À Oran, la chambre d’accusation de la cour s’est prononcée pour le maintien de toutes les accusations criminelles qui pèsent sur le hirakiste Kacem Bensaïd, poursuivi pour divers chefs d’accusation dont appartenance à une organisation terroriste, atteinte à l’unité nationale et atteinte au moral de l’armée. Il lui est notamment reproché ses interventions sur la chaîne de télévision privée Al-Magharabia et ses liens supposés avec le mouvement Rachad. Kacem Bensaïd est en détention à la prison d’Oran depuis le 3 novembre 2021.

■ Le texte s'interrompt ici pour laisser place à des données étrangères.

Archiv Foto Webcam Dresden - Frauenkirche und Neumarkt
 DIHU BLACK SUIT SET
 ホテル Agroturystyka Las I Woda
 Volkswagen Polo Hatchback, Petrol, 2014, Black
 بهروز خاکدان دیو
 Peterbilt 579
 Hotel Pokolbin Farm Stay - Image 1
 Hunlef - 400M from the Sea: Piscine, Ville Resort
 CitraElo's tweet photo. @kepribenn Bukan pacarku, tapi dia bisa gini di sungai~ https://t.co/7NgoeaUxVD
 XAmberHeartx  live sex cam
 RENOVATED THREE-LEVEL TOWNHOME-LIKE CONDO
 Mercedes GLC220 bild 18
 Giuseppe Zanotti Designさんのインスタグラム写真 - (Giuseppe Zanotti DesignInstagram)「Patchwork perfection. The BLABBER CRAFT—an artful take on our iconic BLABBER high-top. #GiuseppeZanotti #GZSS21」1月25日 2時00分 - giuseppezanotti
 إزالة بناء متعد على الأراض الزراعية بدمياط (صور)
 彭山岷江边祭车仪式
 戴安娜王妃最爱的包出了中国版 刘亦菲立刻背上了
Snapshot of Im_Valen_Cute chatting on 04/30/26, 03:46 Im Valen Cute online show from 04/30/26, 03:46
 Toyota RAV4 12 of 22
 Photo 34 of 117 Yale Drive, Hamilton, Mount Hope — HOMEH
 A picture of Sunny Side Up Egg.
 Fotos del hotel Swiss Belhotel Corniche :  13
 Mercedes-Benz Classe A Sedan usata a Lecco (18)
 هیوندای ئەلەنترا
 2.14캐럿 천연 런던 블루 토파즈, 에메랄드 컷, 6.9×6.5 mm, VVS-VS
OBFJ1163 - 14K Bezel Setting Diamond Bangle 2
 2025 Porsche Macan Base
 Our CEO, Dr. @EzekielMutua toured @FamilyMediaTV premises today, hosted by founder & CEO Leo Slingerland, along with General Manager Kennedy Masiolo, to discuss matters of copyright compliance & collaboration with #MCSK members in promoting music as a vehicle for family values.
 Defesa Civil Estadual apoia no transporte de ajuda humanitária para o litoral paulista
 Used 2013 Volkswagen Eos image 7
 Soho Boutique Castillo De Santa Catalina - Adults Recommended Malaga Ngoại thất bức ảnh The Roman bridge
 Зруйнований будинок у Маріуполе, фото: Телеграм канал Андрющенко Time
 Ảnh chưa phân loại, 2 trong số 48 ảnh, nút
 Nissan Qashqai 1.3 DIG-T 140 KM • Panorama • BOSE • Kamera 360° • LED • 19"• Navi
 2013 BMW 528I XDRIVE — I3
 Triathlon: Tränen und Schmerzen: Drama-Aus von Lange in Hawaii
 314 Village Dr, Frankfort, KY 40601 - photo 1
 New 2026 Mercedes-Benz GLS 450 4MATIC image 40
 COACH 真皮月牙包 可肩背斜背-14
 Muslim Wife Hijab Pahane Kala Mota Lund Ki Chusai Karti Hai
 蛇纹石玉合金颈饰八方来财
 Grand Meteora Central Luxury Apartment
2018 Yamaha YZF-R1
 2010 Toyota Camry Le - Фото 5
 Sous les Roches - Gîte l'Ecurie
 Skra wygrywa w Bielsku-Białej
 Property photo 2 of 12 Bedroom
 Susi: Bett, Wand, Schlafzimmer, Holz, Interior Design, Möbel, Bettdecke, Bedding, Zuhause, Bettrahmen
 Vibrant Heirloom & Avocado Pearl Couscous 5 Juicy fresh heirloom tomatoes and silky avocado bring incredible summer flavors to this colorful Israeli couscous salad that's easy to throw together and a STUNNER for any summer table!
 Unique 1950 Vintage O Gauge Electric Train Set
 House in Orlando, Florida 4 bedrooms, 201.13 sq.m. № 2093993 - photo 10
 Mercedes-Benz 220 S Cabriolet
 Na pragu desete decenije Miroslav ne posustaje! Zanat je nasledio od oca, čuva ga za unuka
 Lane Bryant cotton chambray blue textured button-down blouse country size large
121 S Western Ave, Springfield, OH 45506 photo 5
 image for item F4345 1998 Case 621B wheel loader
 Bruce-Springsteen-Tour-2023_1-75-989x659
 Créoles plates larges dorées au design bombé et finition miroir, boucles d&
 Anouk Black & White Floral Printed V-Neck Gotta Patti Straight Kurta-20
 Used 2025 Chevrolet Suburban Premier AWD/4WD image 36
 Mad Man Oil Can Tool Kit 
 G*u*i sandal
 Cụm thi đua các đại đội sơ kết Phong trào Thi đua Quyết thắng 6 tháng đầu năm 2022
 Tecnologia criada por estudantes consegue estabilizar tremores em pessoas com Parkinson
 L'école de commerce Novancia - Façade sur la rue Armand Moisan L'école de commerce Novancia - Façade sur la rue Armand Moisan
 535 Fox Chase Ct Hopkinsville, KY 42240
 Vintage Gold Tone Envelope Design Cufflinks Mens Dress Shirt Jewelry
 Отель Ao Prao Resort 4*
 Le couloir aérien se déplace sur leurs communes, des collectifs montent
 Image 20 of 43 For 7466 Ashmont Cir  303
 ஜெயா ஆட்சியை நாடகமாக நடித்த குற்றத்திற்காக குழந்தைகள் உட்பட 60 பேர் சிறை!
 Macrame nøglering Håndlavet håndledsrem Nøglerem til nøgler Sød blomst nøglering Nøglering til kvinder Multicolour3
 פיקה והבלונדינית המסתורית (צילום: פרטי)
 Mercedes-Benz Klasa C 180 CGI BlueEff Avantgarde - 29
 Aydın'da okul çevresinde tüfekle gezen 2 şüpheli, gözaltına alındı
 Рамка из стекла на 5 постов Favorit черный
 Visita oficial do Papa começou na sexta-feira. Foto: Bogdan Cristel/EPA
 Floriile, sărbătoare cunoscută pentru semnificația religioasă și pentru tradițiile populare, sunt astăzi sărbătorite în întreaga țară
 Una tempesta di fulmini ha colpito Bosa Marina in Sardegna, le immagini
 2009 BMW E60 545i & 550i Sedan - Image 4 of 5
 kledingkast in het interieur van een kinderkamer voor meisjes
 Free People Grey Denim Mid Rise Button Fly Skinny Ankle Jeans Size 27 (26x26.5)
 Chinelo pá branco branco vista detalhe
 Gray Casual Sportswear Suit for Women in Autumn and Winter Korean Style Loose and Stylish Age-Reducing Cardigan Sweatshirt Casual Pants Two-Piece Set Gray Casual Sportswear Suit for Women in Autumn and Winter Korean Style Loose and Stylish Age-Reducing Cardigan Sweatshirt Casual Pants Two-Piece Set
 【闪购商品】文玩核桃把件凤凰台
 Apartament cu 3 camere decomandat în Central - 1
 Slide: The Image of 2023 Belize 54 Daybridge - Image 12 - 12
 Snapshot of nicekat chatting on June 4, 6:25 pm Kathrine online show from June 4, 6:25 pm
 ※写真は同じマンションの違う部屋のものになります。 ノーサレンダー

Autre dossier très médiatisé, celui de Me Abderraoud Arslane, membre du barreau de Tébessa, qui est en prison depuis mai 2021. Selon le Comité national pour la libération des détenus (CNLD), qui continue de suivre l’actualité judiciaire des activistes du Hirak, le procès de l’avocat a été fixé au 26 mai 2022. L’homme est notamment poursuivi pour adhésion à une organisation terroriste au titre du controversé article 87-bis du code pénal.Dans un communiqué rendu public hier, le Front contre la répression et pour le libre exercice des libertés s’est élevé contre la multiplication des arrestations et des procès politiques intentés contre des militants politiques, associatifs, syndicalistes, activistes, journalistes, blogueurs…, estimant que “les tribunaux de la République sont transformés en machine broyant le multipartisme, les libertés d’opinion, d’organisation, de presse et de pensée”.
Le Front dénonce l’article 87-bis du code pénal “(…) qui assimile des activités politiques ordinaires à des faits terroristes” et appelle à “la libération de tous les détenus politiques”, à “l’arrêt de la répression sous toutes ses formes” et à “l’ouverture du champ politique et des médias à tous les Algériens et Algériennes”. Le Front regrette que “les nouvelles convocations et condamnations de citoyens pour des faits souvent liés à leur participation au Hirak révolutionnaire” aient dissipé l’espoir d’un apaisement né de la suppression d'accusations d’ordre criminel, l’abandon de poursuites ou la relaxe prononcée dans plusieurs cas de détenus.
D’autres hirakistes ont été jugés, rapporte encore le CNLD. À Blida, Amal Abdelghafour a écopé en appel de 18 mois de prison ferme pour incitation à attroupement non armé, outrage à corps constitué et diffusion de publications pouvant porter atteinte à la sécurité publique. La cour d’appel a ainsi confirmé la sentence prononcée en première instance par le tribunal correctionnel de la même ville. À Chlef, la cour d’appel a prononcé, hier, la relaxe de Samir Bouhenni, qui avait été condamné en première instance à deux années de prison, dont une avec sursis, pour diffusion de publications pouvant porter atteinte à l'intérêt national.